## TASK DATA:
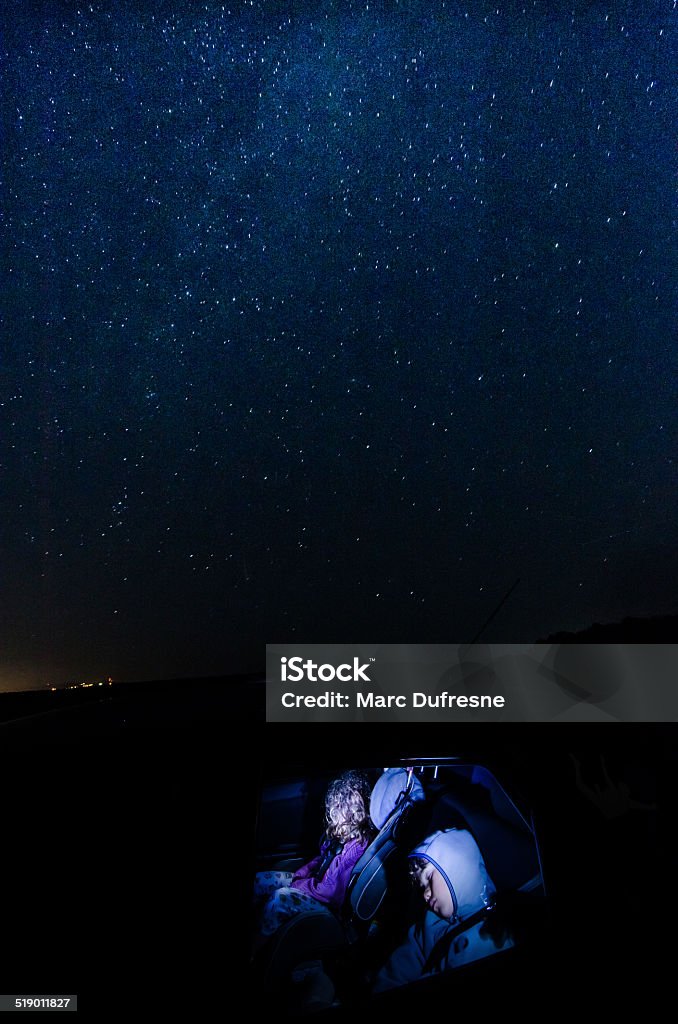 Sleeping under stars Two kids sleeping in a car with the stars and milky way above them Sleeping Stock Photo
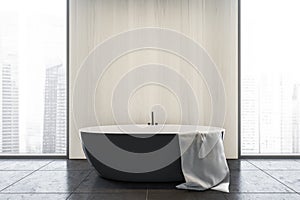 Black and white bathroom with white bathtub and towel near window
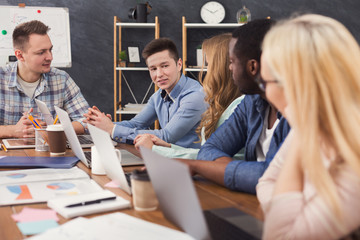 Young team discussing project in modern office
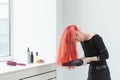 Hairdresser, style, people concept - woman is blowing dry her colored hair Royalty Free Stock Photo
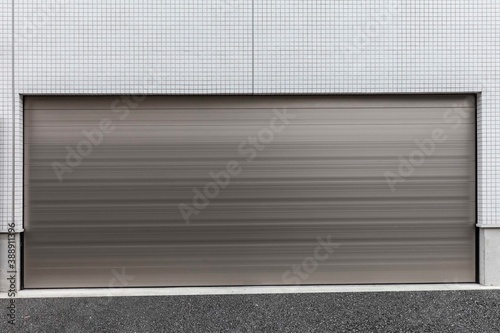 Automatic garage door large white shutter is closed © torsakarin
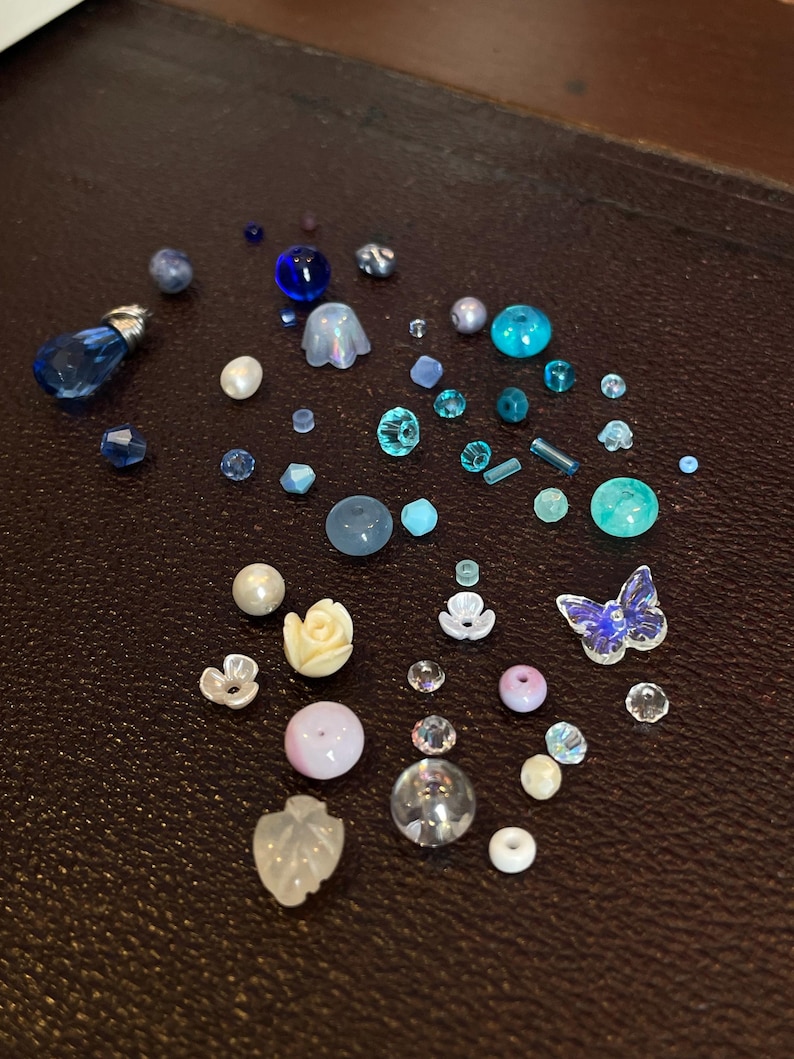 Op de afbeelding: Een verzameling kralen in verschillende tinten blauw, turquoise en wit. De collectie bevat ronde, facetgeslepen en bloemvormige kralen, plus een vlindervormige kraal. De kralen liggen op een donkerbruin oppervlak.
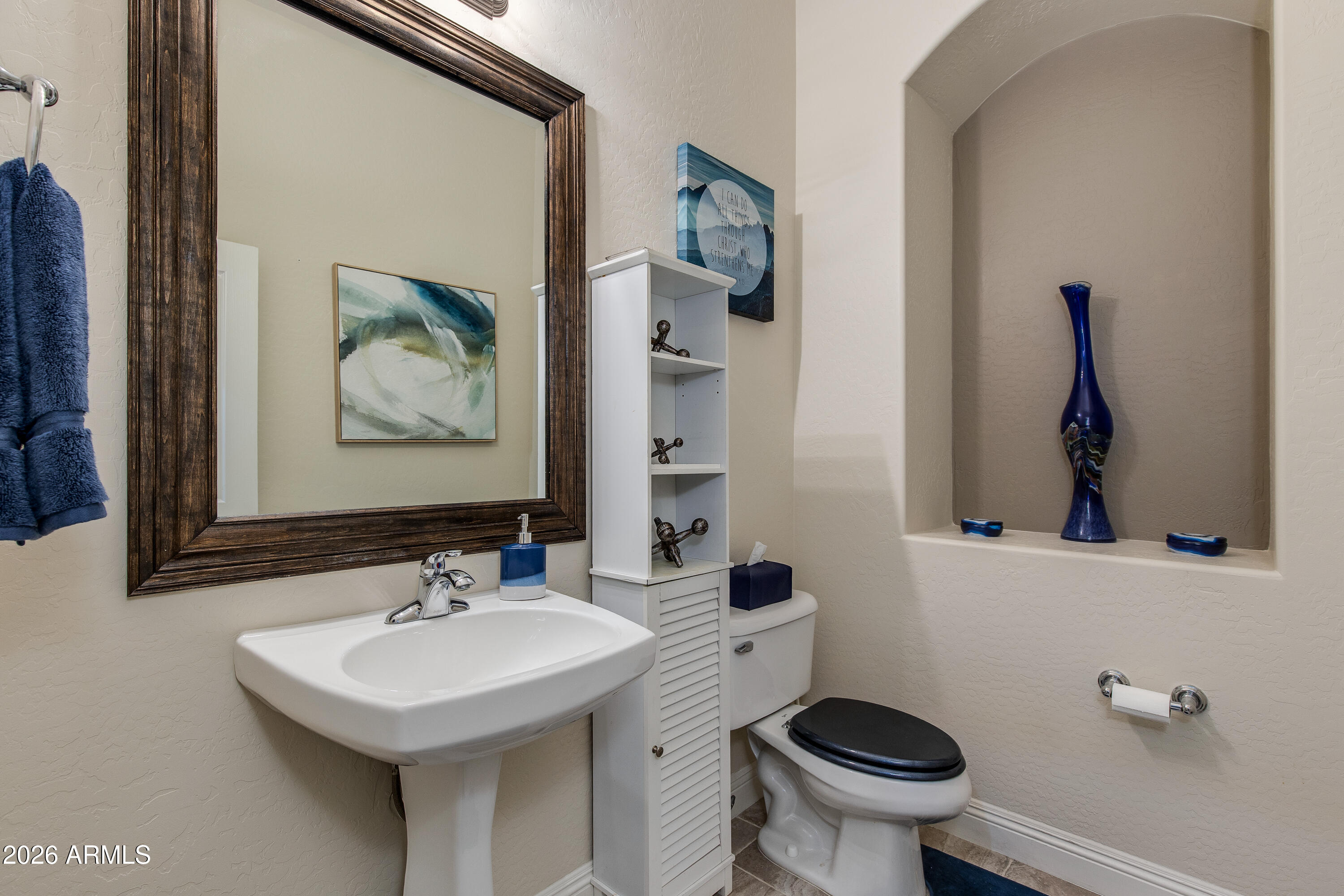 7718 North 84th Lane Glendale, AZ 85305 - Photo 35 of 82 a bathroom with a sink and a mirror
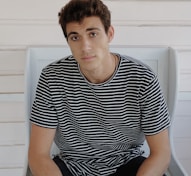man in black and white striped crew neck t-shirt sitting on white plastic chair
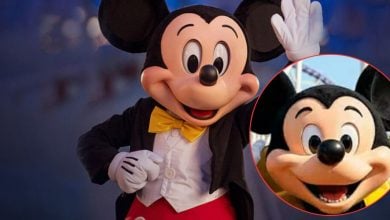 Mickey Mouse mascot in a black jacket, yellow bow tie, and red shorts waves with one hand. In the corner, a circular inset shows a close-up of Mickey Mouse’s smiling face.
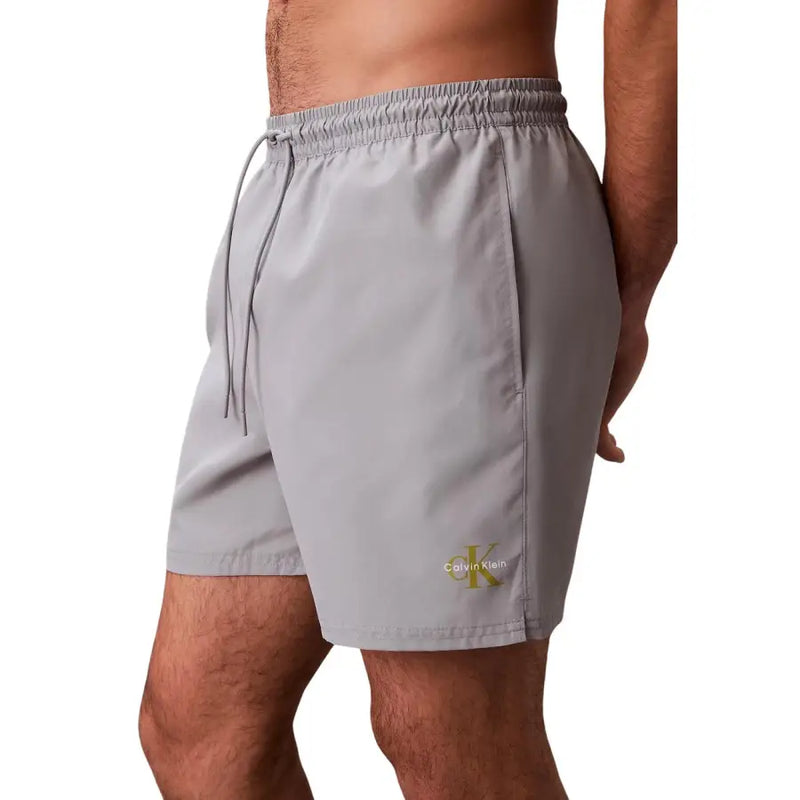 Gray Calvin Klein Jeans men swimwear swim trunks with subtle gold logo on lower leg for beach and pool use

## WHAT NEEDS TO BE DONE:
The line with "Young team discussing" marks the start, and the last line of the material marks the end. Reproduce exactly those two lines and every line between them, without the pictures.

## TASK RESPONSE:
 Young team discussing project in modern office
 Hairdresser, style, people concept - woman is blowing dry her colored hair Royalty Free Stock Photo
 Automatic garage door large white shutter is closed © torsakarin
 Op de afbeelding: Een verzameling kralen in verschillende tinten blauw, turquoise en wit. De collectie bevat ronde, facetgeslepen en bloemvormige kralen, plus een vlindervormige kraal. De kralen liggen op een donkerbruin oppervlak.
 7718 North 84th Lane Glendale, AZ 85305 - Photo 35 of 82 a bathroom with a sink and a mirror
man in black and white striped crew neck t-shirt sitting on white plastic chair
 Mickey Mouse mascot in a black jacket, yellow bow tie, and red shorts waves with one hand. In the corner, a circular inset shows a close-up of Mickey Mouse’s smiling face.
 Gray Calvin Klein Jeans men swimwear swim trunks with subtle gold logo on lower leg for beach and pool use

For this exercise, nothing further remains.